■ **GIVEN RECORDS**:
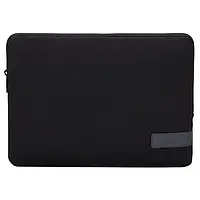 Чехол для ноутбука Case Logic Reflect MacBook Sleeve 14" REFMB-114 Black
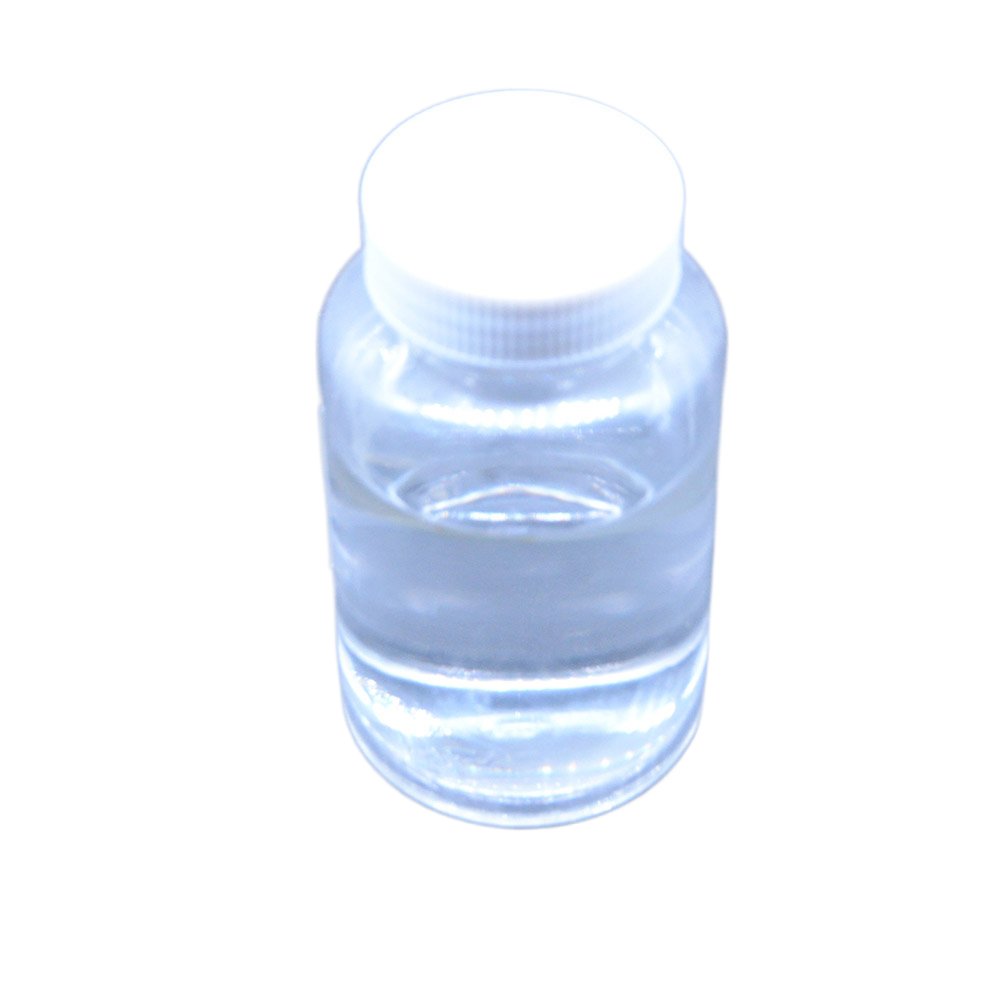 Factory Supply Organic Intermediate Formamide CAS 75-12-7 Formamide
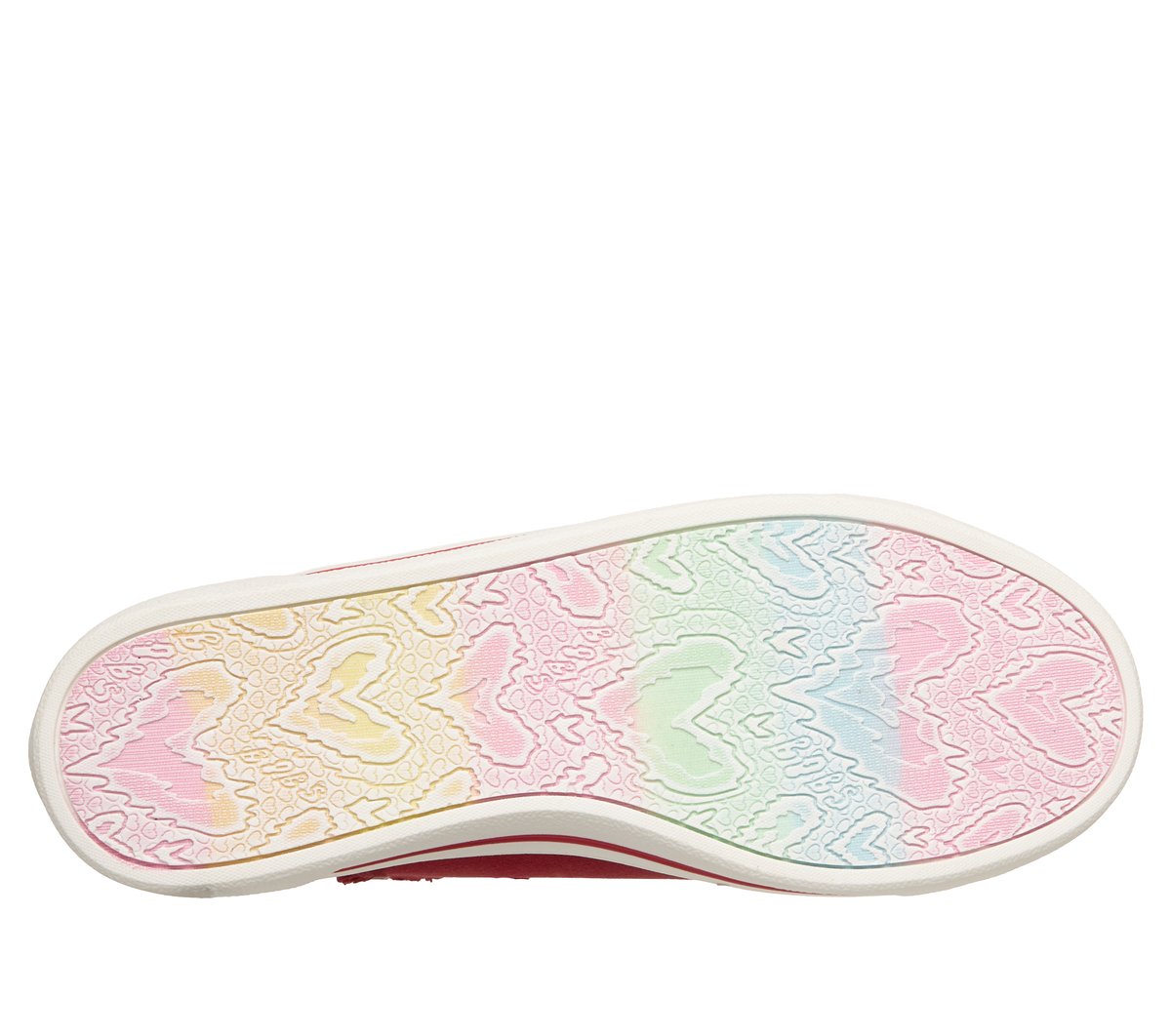 Skechers Skechers BOBS B Cute 2.0 Women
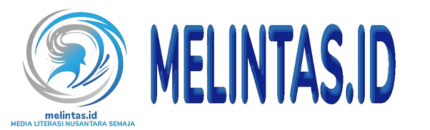 market.melintas.id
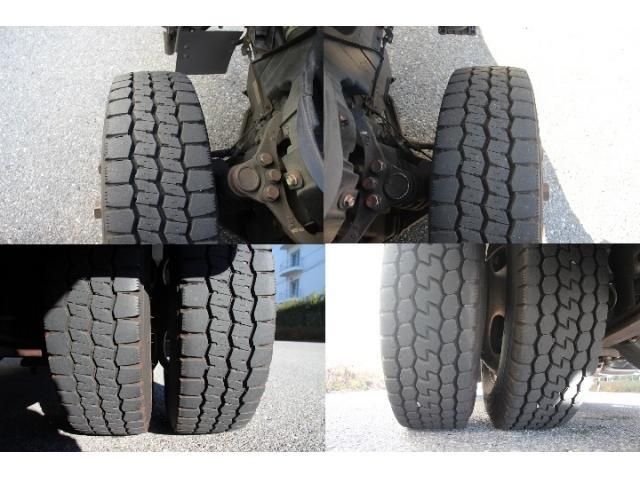 MITSUBISHI CANTER 2017 Image 31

■ **TASK INSTRUCTIONS**: Where the line containing "Factory Supply Organic" appears above, start there and set down each line exactly through the last line of the data; leave out every picture.

■ **THE ANSWER**:
 Factory Supply Organic Intermediate Formamide CAS 75-12-7 Formamide
 Skechers Skechers BOBS B Cute 2.0 Women
 market.melintas.id
 MITSUBISHI CANTER 2017 Image 31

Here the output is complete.